Making Friends & My Alter Ego

Dormon Horfitz is two and a half feet tall, two hundred years old, and never seen without his cane–though he has enough pep in his step that you’d expect he doesn’t need one. This is because he does not in fact need it. It is his magical staff–his focus. Dormon is not real. He’s my character in an ongoing Dungeons and Dragons campaign I’m in with some people from the University College Dublin. Due to the current restrictions in Ireland, I haven’t had a chance to meet any of my classmates in person. However, I had the opportunity to join a remote D&D campaign. We meet over Zoom once a week for several hours to track down demonic cultists, battle wyverns, and capture Nightmares.

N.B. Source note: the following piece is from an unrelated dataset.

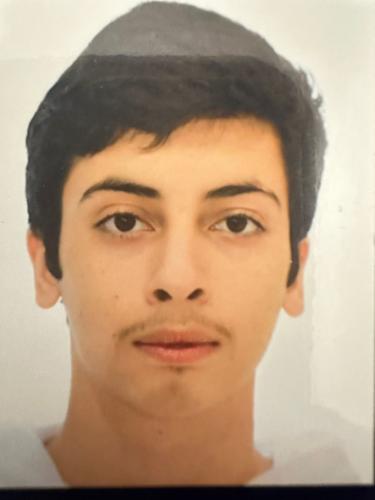 Ashkan Rahmani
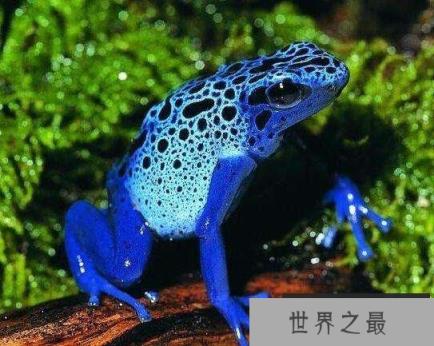 世界十大最恐怖动物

The thing about meeting people remotely for D&D is that they don’t know me, and I don’t necessarily know them either. Instead, we’ve gotten to know each other’s characters. A resourceful and paranoid rogue, an upstanding and gullible cleric, a flute playing bard who’s always chasing down her four children. They’ve had meals together in dingy

taverns, camped out deep in the woods, and gotten fair food at the annual spring celebration. Through these adventures and misadventures, we’ve created friendships and connections.

D&D has offered me a unique opportunity in these times. I can let my own insecurities go and step into a new world. This fabricated world has allowed me to make connections with people I would never have otherwise met. You’d be hard-pressed to find a group of strangers who’d be willing to sign up to sit on Zoom for two hours every week with each other. However, that’s exactly what I’ve found myself doing.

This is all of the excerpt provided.